----- SOURCE RECORDS
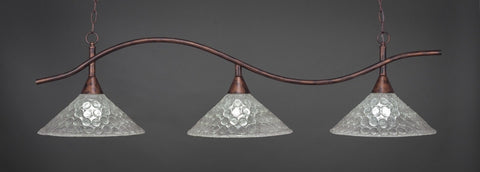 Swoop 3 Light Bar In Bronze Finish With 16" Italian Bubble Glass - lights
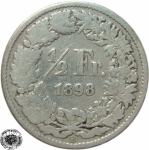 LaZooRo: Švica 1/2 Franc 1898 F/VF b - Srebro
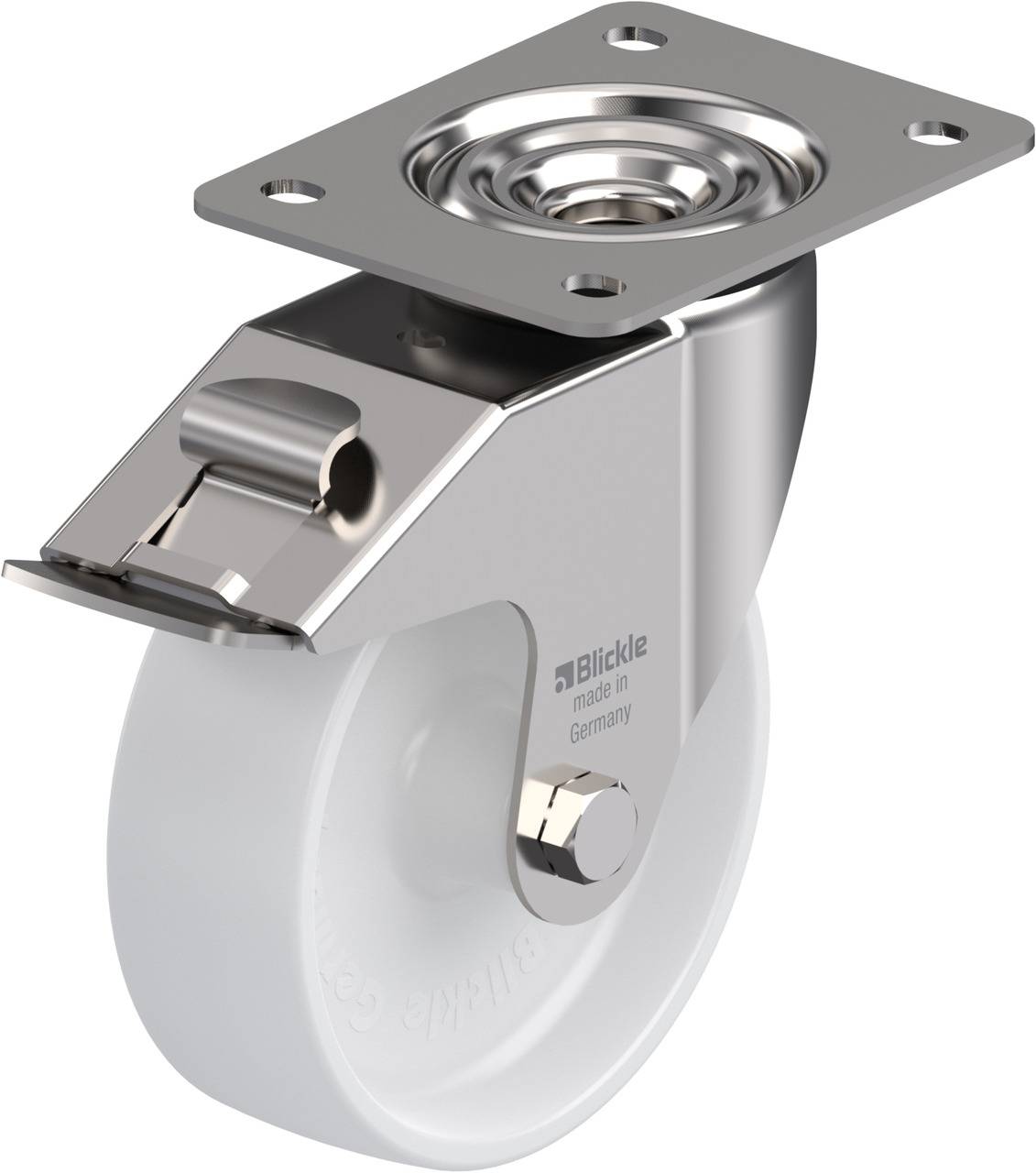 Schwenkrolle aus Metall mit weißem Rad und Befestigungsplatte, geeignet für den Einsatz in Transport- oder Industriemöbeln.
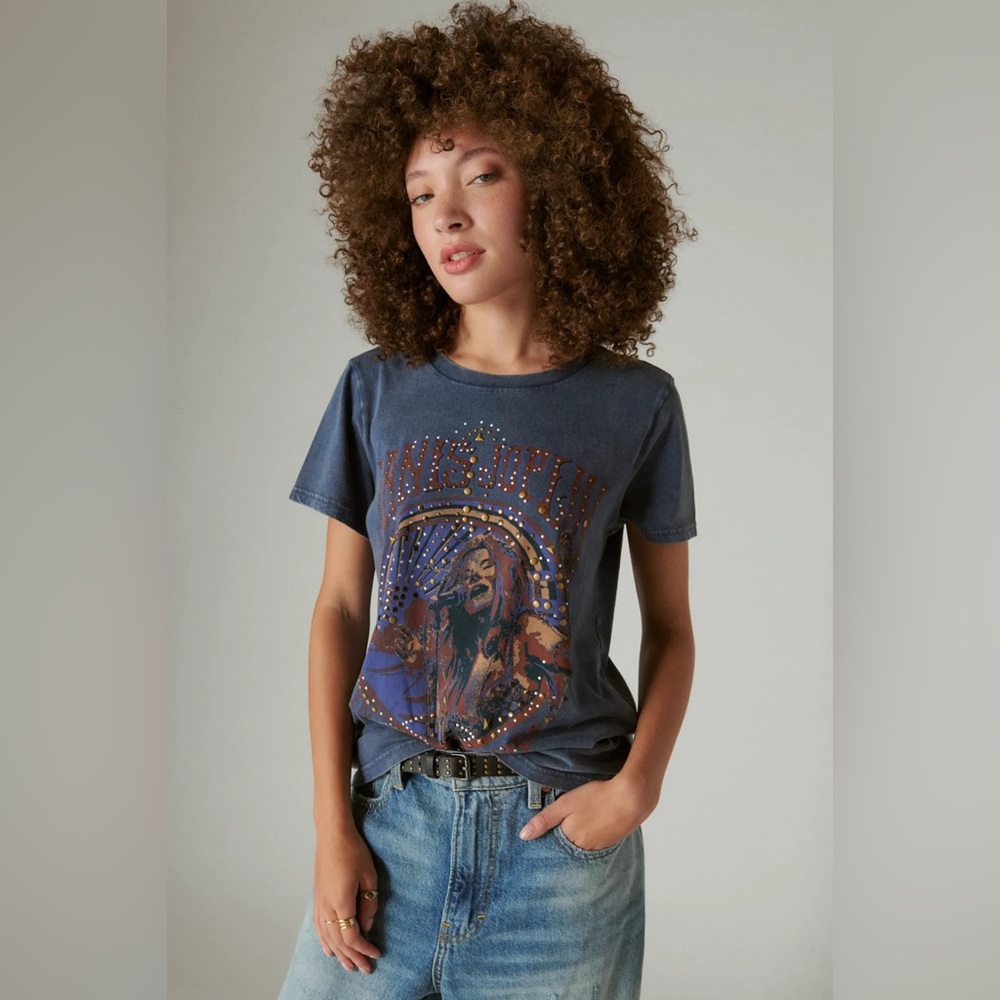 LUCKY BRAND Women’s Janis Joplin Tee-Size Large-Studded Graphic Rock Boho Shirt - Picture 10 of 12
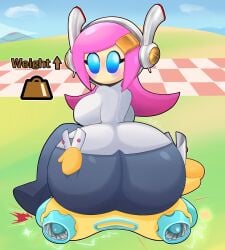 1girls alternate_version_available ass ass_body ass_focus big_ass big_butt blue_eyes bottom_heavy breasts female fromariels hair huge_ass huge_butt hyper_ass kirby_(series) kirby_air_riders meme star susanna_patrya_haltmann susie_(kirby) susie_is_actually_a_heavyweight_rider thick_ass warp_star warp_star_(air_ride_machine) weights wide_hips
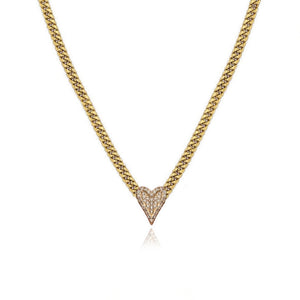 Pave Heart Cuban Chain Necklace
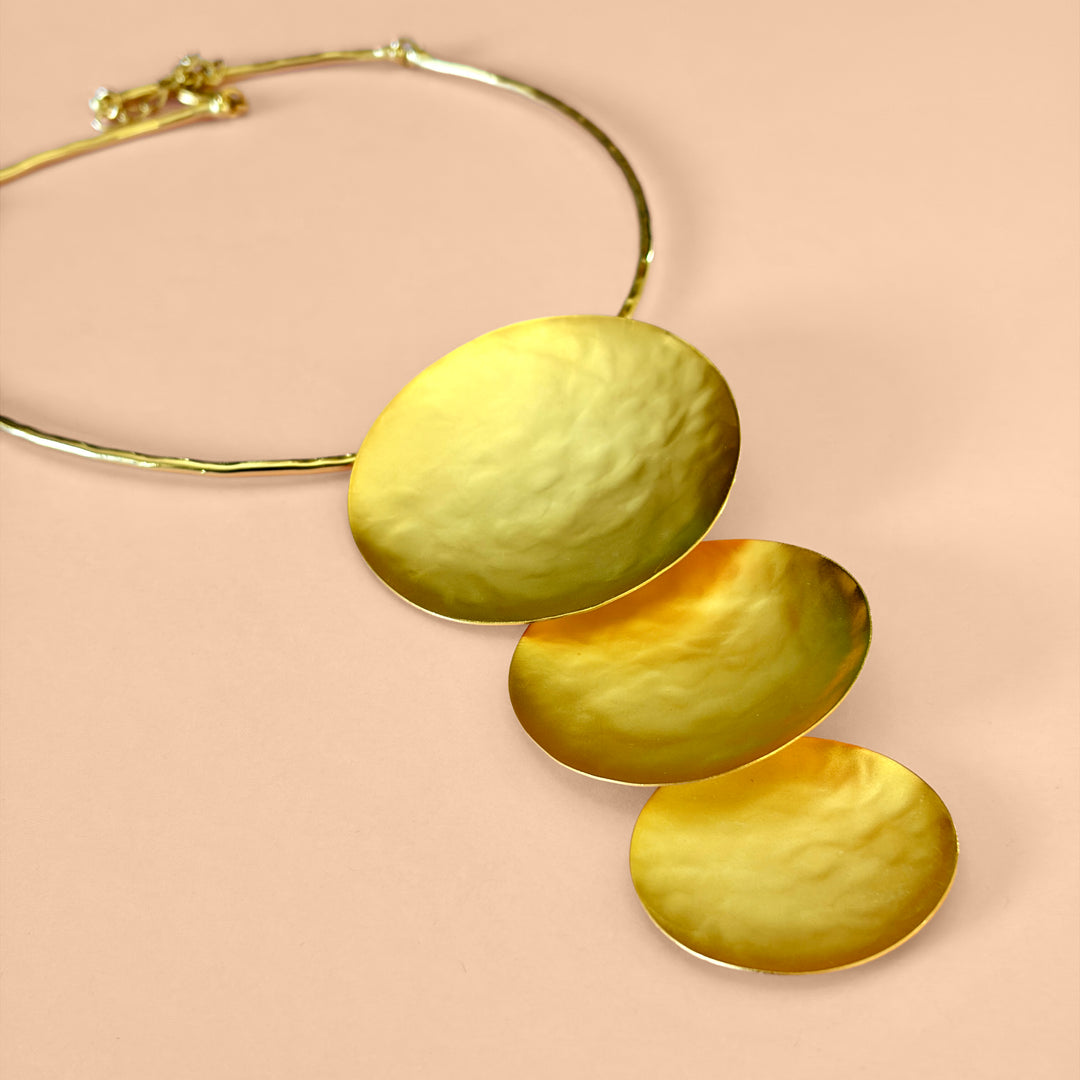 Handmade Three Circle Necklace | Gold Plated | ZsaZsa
----------
WORK TASK: Reprint all the data above verbatim, excluding pictures.

RESPONSE TO THE TASK:
 Swoop 3 Light Bar In Bronze Finish With 16" Italian Bubble Glass - lights
 LaZooRo: Švica 1/2 Franc 1898 F/VF b - Srebro
 Schwenkrolle aus Metall mit weißem Rad und Befestigungsplatte, geeignet für den Einsatz in Transport- oder Industriemöbeln.
 LUCKY BRAND Women’s Janis Joplin Tee-Size Large-Studded Graphic Rock Boho Shirt - Picture 10 of 12
 1girls alternate_version_available ass ass_body ass_focus big_ass big_butt blue_eyes bottom_heavy breasts female fromariels hair huge_ass huge_butt hyper_ass kirby_(series) kirby_air_riders meme star susanna_patrya_haltmann susie_(kirby) susie_is_actually_a_heavyweight_rider thick_ass warp_star warp_star_(air_ride_machine) weights wide_hips
 Pave Heart Cuban Chain Necklace
 Handmade Three Circle Necklace | Gold Plated | ZsaZsa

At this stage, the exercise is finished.